Records for the exercise ::
= = =
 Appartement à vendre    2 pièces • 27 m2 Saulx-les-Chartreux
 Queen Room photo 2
= = =
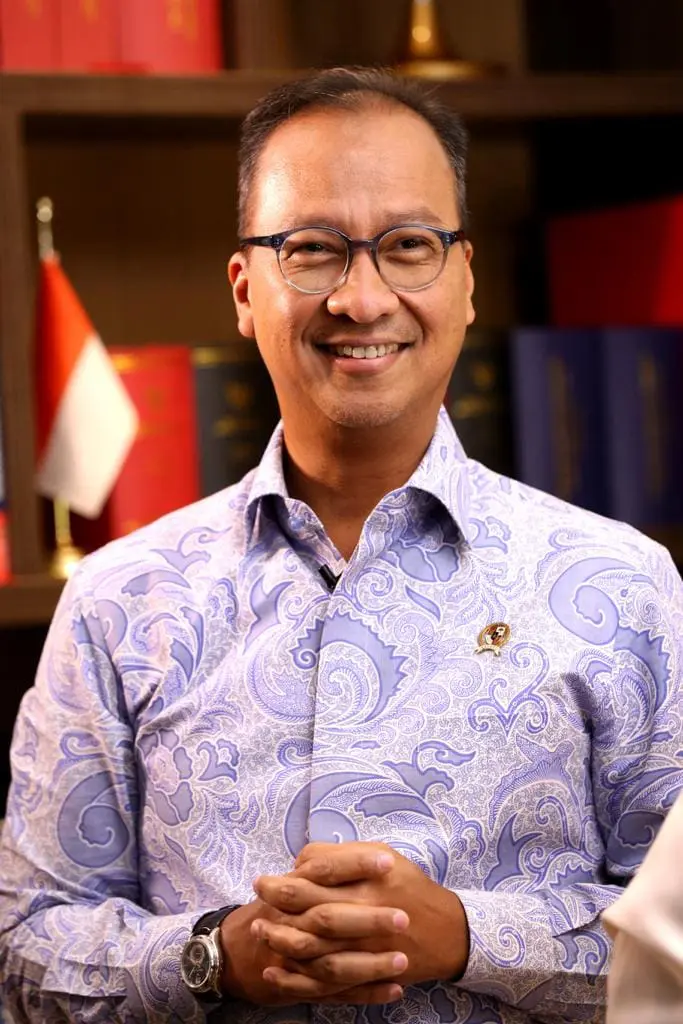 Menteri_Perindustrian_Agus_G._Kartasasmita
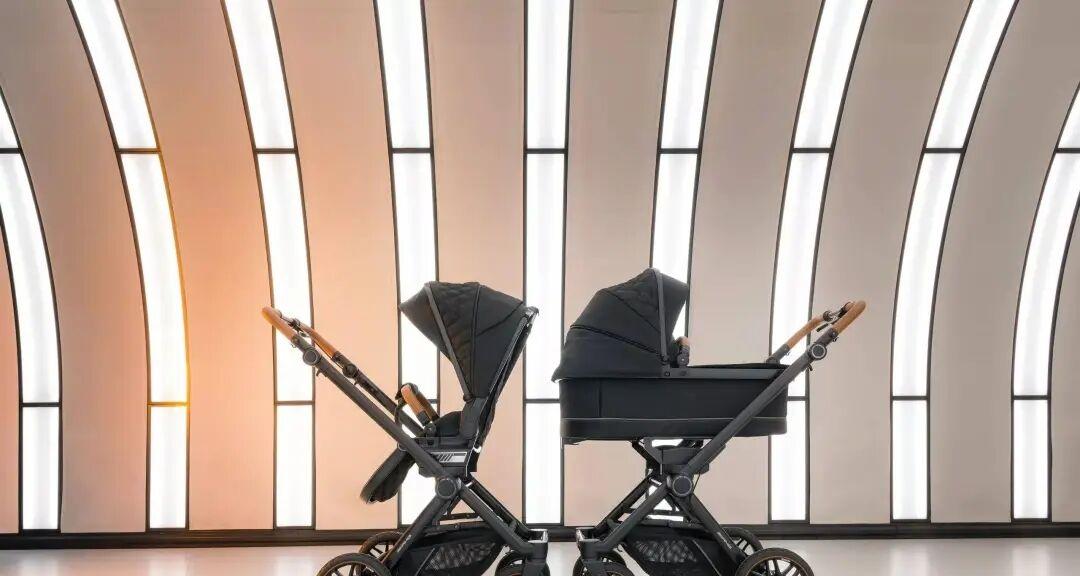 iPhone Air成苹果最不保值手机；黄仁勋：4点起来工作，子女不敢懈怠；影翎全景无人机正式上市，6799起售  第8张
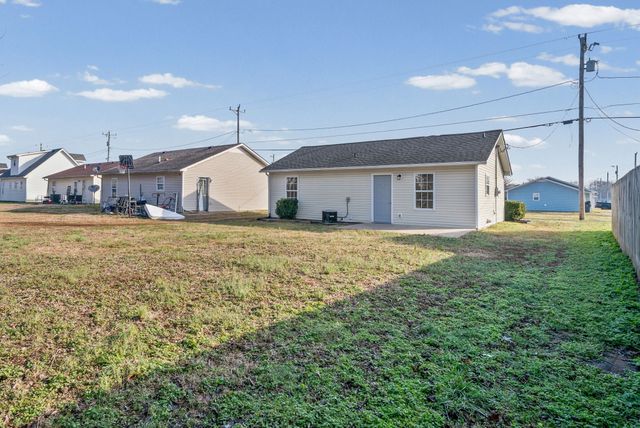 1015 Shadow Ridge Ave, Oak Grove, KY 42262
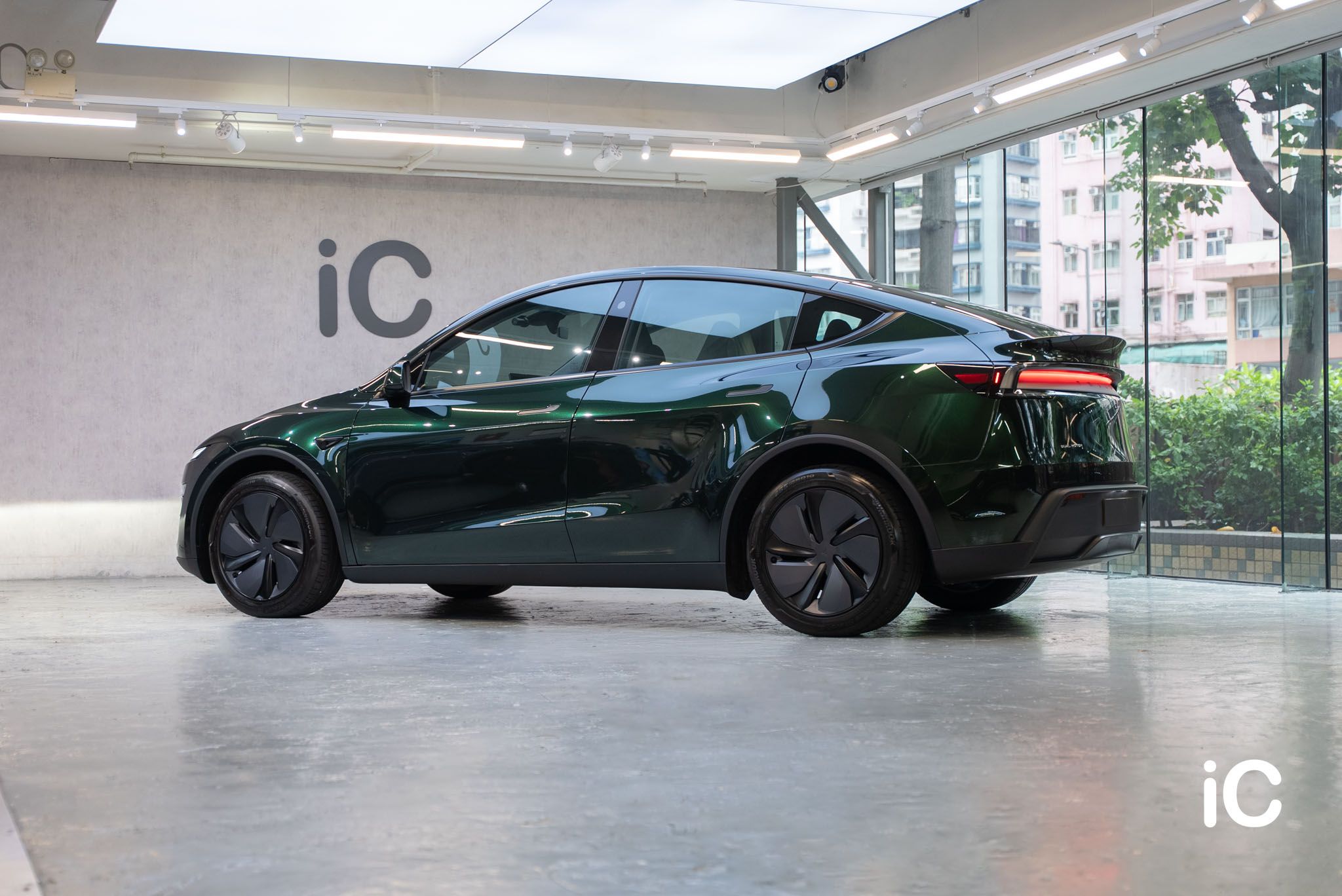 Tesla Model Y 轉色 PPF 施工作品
= = =
What you should do :: Of the entries listed above, reproduce only the lines starting at the line containing "Appartement à vendre" and ending at the line containing "Queen Room photo 2". Include both, exactly as they stand.

Finished task ::
 Appartement à vendre    2 pièces • 27 m2 Saulx-les-Chartreux
 Queen Room photo 2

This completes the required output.